Acting Attorney General Todd Blanche announced the 11-count indictment at a news conference Tuesday, saying investigators concluded the Alabama-based group had been “manufacturing the extremism it purports to oppose by paying sources to stoke racial hatred.” The indictment includes six counts of wire fraud, four counts of making false statements to a federally insured bank, and one count of conspiracy to commit money laundering.
According to the indictment, SPLC employees opened accounts at two FDIC-insured banks in the names of sham entities, including “Center Investigative Agency,” “Fox Photography,” “North West Technologies,” “Tech Writers Group,” and “Rare Books Warehouse,” even though the entities were not incorporated, had no bona fide employees, and conducted no real business.
Prosecutors say false ownership and business information was submitted to the banks to establish the accounts.
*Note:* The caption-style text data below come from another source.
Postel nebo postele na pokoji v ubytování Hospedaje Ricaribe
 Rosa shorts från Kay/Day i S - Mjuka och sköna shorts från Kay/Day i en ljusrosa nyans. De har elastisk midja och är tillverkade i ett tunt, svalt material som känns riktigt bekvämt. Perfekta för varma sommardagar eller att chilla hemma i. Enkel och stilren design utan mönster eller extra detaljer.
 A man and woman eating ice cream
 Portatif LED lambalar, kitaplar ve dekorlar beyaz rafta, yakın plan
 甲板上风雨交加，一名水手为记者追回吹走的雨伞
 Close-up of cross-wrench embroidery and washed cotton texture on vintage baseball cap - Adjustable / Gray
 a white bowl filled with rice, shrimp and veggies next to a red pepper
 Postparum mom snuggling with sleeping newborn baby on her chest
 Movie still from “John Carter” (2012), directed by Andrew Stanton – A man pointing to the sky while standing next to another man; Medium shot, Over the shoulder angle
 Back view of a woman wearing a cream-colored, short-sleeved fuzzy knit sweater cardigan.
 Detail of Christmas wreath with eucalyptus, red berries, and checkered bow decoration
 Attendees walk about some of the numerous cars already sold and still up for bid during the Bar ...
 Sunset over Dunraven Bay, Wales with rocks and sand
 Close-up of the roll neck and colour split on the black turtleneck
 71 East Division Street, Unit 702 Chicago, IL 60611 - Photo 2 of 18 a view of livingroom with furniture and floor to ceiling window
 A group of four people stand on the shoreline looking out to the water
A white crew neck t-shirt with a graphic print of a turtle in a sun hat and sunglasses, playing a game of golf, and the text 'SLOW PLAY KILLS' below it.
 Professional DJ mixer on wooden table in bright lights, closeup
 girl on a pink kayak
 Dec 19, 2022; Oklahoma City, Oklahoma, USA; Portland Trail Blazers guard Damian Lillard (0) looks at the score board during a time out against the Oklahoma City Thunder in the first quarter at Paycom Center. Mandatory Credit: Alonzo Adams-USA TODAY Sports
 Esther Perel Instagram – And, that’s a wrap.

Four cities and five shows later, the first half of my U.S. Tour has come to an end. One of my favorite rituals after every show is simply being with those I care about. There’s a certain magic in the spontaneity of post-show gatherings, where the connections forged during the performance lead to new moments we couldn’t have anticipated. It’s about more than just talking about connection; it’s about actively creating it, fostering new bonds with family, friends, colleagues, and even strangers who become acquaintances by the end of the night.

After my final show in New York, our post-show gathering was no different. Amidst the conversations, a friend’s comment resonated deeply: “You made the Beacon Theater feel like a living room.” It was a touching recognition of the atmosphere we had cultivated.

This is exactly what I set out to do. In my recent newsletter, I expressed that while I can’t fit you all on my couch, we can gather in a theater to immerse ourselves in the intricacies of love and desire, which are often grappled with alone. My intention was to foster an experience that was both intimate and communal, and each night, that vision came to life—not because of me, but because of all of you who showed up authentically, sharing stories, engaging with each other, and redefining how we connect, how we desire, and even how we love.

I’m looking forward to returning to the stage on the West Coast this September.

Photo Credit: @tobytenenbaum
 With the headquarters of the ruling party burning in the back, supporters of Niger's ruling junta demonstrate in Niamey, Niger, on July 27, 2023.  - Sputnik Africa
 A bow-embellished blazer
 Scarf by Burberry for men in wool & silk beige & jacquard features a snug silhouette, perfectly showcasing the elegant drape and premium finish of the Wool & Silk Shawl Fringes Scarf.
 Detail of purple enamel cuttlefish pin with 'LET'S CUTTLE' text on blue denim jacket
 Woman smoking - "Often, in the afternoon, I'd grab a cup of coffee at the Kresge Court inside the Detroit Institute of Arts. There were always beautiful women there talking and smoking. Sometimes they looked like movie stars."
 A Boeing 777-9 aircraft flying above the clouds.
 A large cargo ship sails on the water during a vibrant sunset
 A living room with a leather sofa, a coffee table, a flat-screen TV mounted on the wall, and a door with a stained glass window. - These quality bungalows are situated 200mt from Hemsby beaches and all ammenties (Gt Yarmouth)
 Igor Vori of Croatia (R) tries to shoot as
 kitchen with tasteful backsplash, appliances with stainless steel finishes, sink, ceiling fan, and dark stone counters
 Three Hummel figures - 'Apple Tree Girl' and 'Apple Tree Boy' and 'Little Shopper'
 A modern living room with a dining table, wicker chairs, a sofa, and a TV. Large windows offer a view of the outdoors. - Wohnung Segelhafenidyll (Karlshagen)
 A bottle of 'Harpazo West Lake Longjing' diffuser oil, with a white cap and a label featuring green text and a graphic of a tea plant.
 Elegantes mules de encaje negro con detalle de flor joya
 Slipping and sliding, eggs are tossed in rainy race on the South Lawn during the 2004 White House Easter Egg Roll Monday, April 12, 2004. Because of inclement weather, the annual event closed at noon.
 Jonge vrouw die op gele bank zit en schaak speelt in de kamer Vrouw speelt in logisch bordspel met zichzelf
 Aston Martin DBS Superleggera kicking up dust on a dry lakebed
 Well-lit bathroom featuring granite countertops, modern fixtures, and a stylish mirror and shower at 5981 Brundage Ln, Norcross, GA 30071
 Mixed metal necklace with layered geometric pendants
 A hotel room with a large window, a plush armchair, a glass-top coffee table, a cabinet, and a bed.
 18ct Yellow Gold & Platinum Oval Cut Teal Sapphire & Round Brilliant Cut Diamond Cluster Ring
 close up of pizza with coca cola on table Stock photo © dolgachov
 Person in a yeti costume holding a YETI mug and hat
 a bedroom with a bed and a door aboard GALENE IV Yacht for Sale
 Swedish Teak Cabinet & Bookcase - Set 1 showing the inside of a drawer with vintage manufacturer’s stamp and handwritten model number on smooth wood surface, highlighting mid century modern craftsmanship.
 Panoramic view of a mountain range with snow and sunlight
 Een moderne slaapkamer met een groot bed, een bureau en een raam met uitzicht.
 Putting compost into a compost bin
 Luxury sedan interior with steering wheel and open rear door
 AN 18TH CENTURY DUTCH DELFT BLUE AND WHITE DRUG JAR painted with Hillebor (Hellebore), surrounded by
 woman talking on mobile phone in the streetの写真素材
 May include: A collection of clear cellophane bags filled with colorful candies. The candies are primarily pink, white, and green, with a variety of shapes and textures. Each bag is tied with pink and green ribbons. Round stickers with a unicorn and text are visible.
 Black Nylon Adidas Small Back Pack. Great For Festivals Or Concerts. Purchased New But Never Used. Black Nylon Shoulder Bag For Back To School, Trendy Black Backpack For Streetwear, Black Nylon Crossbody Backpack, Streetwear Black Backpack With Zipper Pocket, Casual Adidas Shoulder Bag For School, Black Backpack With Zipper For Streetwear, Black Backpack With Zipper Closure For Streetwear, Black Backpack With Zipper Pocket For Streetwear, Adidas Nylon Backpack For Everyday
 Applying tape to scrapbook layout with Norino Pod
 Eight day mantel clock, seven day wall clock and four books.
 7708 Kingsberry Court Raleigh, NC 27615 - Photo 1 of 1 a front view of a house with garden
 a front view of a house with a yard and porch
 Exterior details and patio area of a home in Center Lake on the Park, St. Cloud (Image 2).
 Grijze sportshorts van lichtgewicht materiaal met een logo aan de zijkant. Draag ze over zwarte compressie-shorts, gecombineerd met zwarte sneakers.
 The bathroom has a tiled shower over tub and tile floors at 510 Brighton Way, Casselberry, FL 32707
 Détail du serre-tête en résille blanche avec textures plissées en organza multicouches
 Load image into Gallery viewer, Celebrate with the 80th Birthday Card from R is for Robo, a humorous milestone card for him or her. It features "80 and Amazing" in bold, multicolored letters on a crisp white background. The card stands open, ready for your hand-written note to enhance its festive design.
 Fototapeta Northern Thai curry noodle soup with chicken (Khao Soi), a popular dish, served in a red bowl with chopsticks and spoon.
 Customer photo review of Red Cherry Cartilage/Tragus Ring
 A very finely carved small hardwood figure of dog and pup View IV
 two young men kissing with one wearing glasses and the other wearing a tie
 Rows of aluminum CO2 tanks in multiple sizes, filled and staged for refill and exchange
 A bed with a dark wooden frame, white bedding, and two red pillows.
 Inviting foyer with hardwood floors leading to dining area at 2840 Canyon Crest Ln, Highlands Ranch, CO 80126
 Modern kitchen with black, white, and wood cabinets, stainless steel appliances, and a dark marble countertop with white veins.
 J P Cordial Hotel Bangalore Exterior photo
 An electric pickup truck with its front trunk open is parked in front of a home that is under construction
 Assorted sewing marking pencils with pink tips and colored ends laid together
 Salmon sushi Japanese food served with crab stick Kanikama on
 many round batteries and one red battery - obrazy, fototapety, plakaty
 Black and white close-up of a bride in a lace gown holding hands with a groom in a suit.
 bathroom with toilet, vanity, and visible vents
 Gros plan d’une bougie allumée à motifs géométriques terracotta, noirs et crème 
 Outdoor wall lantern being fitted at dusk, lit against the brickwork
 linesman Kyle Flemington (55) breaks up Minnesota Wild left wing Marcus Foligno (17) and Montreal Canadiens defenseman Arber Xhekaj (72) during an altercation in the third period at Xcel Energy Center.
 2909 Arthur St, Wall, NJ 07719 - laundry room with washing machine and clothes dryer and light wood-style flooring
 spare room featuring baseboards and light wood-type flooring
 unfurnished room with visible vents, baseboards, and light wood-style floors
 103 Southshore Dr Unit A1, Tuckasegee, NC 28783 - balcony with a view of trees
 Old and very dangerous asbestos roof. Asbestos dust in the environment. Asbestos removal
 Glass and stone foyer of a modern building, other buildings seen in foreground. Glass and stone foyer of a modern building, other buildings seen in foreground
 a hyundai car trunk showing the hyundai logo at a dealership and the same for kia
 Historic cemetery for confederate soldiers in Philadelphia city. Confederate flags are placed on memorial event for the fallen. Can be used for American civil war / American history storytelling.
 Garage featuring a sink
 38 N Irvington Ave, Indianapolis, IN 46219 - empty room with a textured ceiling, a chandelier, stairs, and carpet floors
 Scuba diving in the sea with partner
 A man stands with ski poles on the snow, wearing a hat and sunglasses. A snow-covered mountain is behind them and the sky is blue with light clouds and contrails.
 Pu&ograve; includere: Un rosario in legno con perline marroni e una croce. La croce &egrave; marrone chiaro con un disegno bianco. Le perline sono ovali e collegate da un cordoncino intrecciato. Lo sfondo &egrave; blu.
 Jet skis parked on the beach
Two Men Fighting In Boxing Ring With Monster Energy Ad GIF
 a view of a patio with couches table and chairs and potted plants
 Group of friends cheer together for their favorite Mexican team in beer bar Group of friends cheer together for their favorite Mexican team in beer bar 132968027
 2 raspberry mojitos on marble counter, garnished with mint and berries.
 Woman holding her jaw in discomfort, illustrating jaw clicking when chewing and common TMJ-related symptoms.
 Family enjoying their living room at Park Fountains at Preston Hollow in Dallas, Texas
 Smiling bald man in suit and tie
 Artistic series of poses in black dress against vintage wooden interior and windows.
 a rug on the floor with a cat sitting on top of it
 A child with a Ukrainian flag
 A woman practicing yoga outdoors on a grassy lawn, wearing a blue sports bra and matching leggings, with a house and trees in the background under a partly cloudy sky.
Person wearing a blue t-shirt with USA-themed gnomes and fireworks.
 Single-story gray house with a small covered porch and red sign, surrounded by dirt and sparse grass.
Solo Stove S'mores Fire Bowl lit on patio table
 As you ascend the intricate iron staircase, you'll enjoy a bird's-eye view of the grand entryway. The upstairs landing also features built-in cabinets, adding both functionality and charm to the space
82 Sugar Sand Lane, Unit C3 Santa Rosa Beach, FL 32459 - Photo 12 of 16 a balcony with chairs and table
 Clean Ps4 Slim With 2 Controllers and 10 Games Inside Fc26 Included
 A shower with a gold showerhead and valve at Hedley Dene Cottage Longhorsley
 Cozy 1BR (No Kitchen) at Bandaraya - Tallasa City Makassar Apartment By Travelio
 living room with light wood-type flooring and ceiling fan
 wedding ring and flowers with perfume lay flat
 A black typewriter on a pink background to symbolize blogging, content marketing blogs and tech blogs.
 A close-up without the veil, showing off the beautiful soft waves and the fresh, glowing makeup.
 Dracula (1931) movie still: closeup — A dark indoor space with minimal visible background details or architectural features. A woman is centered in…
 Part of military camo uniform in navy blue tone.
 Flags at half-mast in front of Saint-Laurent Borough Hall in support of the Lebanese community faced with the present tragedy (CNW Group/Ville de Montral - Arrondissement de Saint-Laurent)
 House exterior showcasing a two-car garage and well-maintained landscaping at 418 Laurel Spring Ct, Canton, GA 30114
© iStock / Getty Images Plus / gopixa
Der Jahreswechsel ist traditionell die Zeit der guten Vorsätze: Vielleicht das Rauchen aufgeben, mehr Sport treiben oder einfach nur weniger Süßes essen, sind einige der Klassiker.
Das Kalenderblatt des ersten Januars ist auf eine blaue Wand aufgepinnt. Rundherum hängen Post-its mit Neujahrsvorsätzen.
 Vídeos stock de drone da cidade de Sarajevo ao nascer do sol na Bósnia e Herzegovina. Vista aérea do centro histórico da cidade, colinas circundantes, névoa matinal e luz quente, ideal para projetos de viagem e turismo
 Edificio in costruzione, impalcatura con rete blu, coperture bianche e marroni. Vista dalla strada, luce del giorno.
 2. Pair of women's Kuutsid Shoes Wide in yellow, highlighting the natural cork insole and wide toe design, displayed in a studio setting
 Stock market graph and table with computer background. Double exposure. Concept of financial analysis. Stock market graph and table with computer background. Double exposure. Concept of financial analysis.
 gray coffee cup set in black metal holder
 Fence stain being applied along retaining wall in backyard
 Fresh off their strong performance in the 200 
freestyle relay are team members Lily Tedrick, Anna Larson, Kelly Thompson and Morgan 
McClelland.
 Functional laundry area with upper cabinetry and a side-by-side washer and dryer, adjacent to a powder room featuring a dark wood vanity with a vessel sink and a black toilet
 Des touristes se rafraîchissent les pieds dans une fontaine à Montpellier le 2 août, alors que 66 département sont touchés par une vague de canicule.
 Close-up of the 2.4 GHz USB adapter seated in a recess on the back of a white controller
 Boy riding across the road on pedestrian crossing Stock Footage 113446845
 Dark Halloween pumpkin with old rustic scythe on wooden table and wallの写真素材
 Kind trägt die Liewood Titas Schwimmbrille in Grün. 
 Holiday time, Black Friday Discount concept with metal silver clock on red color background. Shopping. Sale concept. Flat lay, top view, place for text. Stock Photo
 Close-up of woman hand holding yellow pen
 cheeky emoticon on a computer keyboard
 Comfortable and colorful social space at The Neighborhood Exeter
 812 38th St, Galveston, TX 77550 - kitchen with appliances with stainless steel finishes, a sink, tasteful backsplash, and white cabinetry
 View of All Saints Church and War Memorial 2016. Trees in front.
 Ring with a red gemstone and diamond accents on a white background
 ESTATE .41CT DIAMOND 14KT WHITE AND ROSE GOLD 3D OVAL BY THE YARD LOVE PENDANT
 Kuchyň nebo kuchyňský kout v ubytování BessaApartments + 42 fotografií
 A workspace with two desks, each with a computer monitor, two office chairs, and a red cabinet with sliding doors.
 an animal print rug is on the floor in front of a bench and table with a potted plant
Donor funds were first transferred from SPLC’s operating account at one bank into accounts linked to the fictitious entities, then routed onward to paid field sources, according to the indictment. After one bank opened an internal investigation in 2020 and closed several accounts, the organization allegedly shifted to ACH payments and masked the transactions with memo descriptions such as “Rarebooks050” and “PR3ebookCON050.”
The indictment also cites six wire transfers dated April 25, 2023, including transfers from SPLC’s operating account to accounts controlled by paid sources or their associates, as part of what prosecutors allege was a scheme to conceal the source, ownership, and control of donor funds.
The donor funds were used to pay leaders and organizers of racist groups, including the Ku Klux Klan, Aryan Nation, and National Alliance, according to the indictment.
SPLC’s interim chief executive Bryan Fair told NBC News that the organization had not done anything wrong and that he was “outraged by the false allegations.”
“Taking on violent hate and extremist groups is among the most dangerous work there is, and we believe it is also among the most important work we do,” Fair said, according to NBC.